Canaliser les énergies et dresser les ponts entre l’Afrique et l’Europe est un autre impératif pour Ifafe. Damarys fonde le collectif Toussaint-Louverture dans le cadre du 150e anniversaire de l’abolition de l’esclavage. Au Cameroun, par exemple, le rêve de Damarys Maa Marchand est de contribuer à mettre en place une sorte de «Loi 1901» des associations, telle qu’elle existe en France. En attendant, elle effectue des séjours réguliers au Cameroun pour accompagner des femmes dans la mise en place de coopératives.

Mais il y a aussi des actions de solidarité de plus grande envergure. Pendant des mois, elle s’immerge dans les profondeurs du Rwanda post-génocide pour aider à redonner de l’espoir et à reconstruire ce qui pouvait l’être. Les membres de l’Ifafe sont aussi partis au Congo après l’éruption du Nyiragongo en 2002. A chaque fois pour redonner aux femmes l’envie et le courage d’agir là où elles se trouvent. «Parce que les femmes sont à l’avant-garde de tout», explique-t-elle. Une conviction qui ne l’empêche pas d’être sévère vis-à-vis de certaines migrantes:

«Je n’ai aucune excuse pour les femmes africaines qui arrivent comme une fleur et s’imaginent que tout ira de soi. Cessons d’être de simples consommatrices et devenons de véritables actrices de la société dans laquelle nous vivons désormais.»

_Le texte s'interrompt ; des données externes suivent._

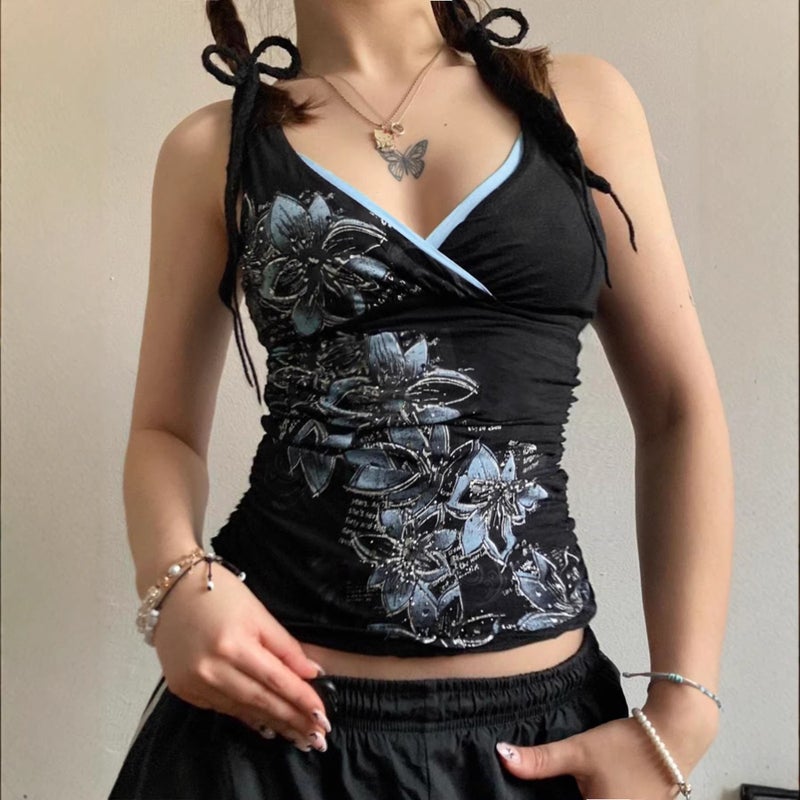 Y2K Retro Floral Print Slim Fit Cross V-Neck Camisole Summer Top for Women - Image 3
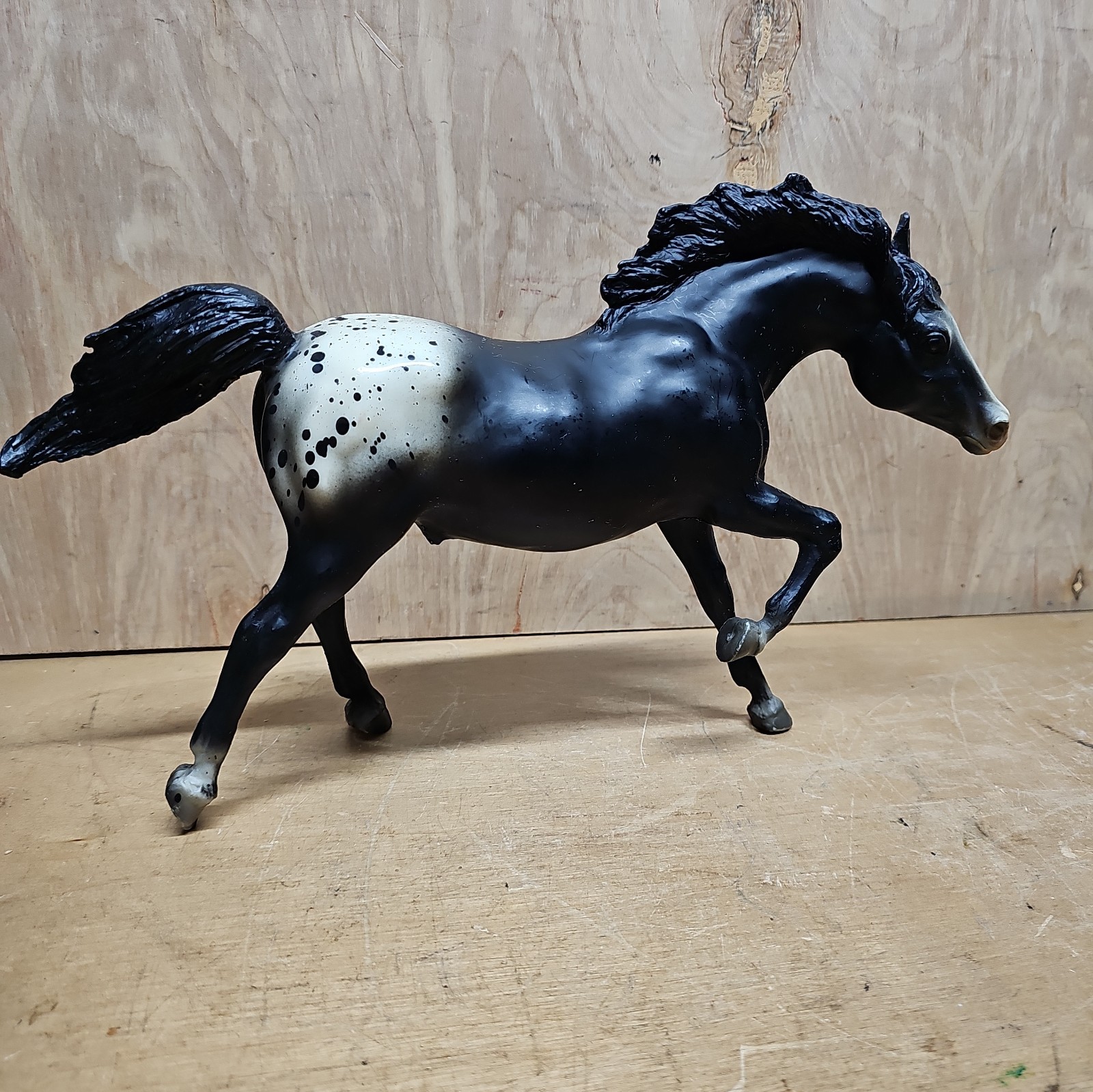 Breyer Horse Running Stallion Appaloosa 127 Vintage Black B USA Stamp Breyer Horse Running Stallion Appaloosa 127 Vintage Black B USA Stamp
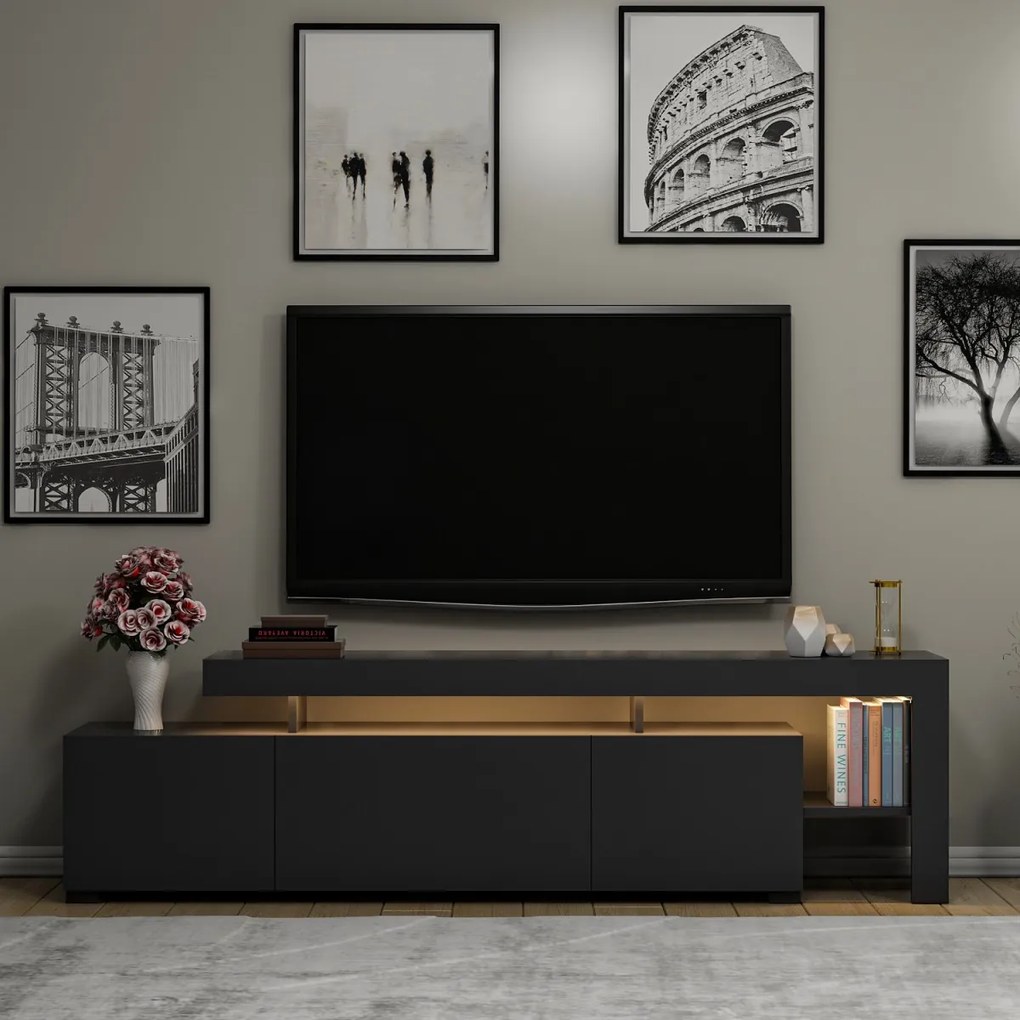 TV stolík Beliz s LED osvetlením antracit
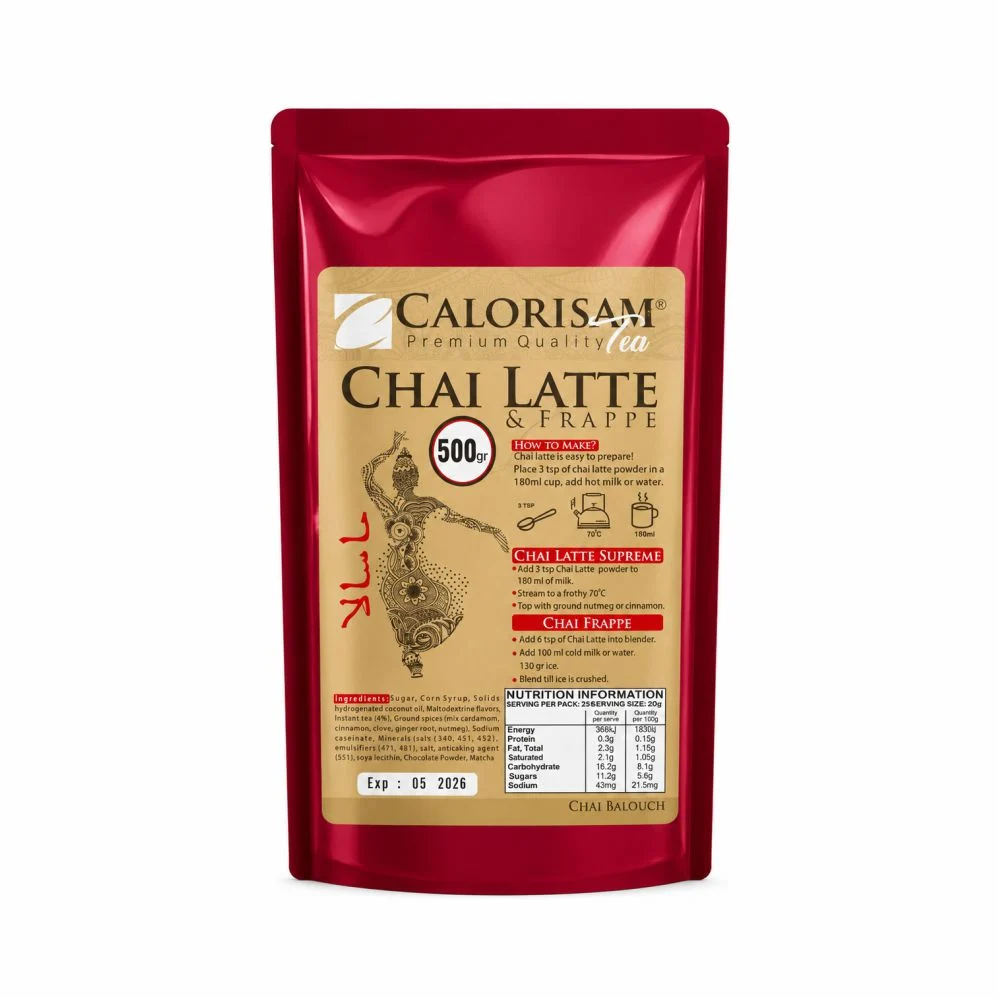 پودر چای لاته ماسالا کالوریسام باشکر 500 گرمی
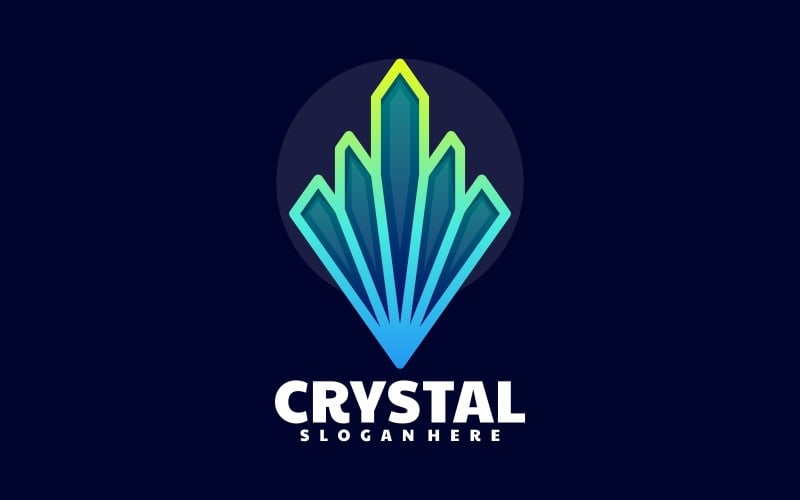 Crystal Line Art Gradient Logo Logo Template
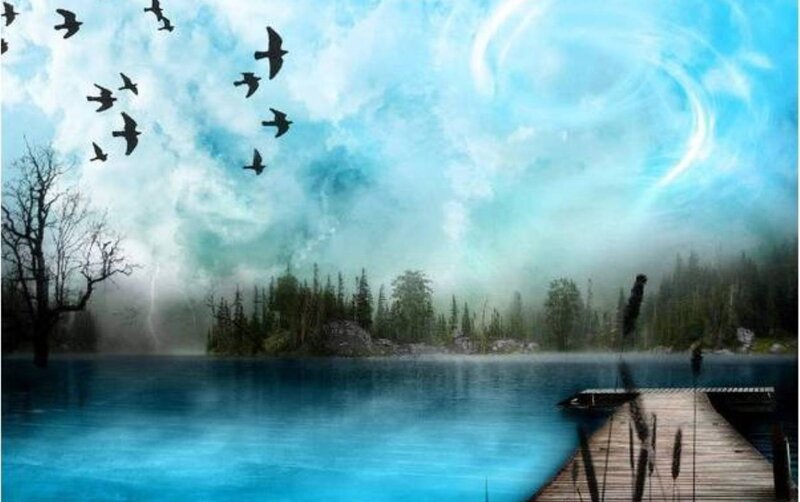 Birds Flying over Lake — Blue, Serene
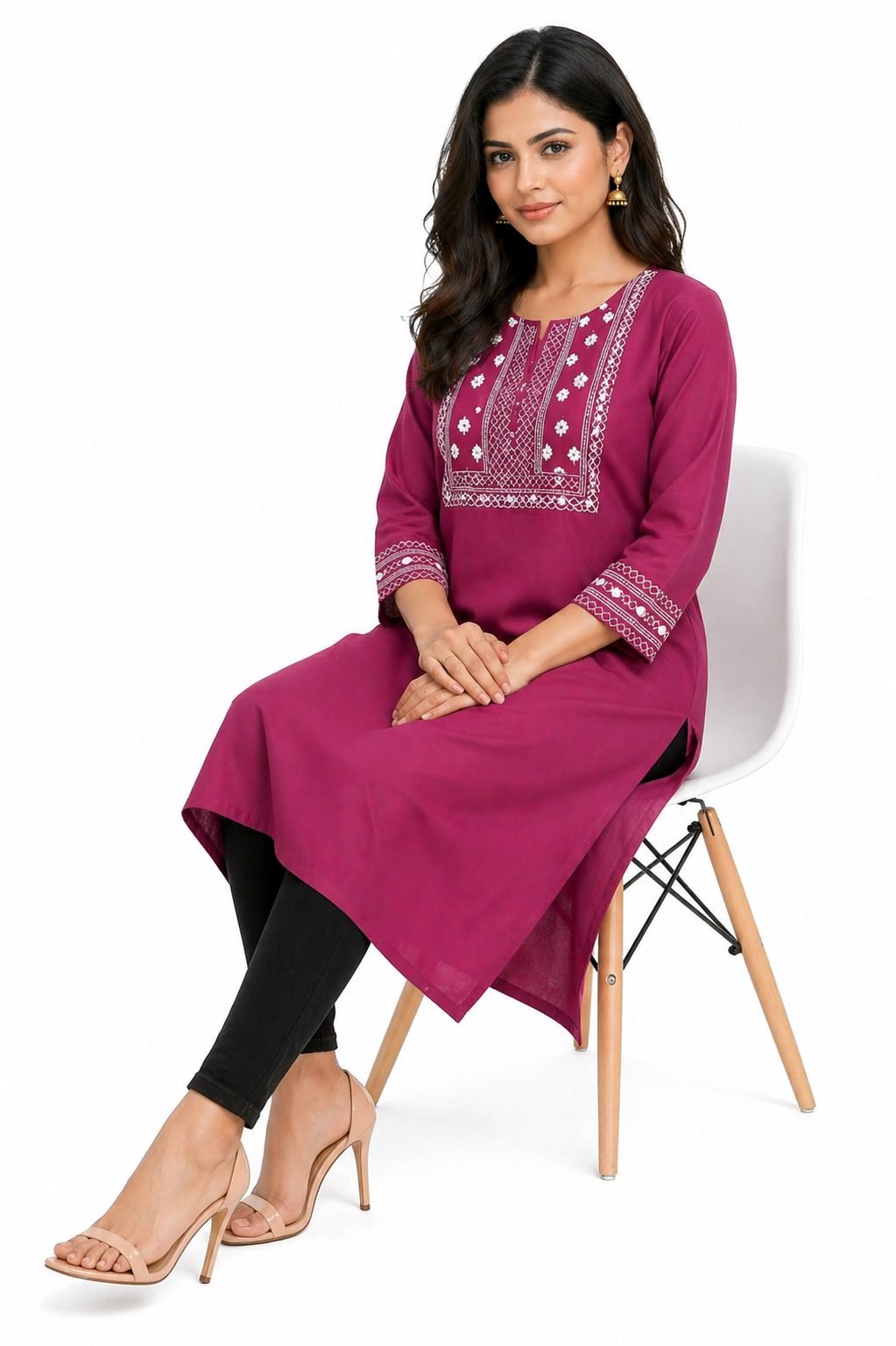 Darshan Style Hub Women Viscose Embroidered Straight Kurta | Round Neck | 3/4 Sleeve  7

Est-ce ce franc-parler qui lui a valu d’être élevée au rang de Chevalier de l’Ordre national de la Légion d’Honneur pour trente ans de lutte contre les discriminations? Ironie du sort, Damarys Maa Marchand est dans un taxi-brousse au Cameroun, pour aider une association de femmes à voir le jour, lorsqu’elle reçoit le coup de fil lui annonçant sa décoration. S’était-elle imaginé cela, trente ans auparavant, là-bas, dans son village d’Enongal?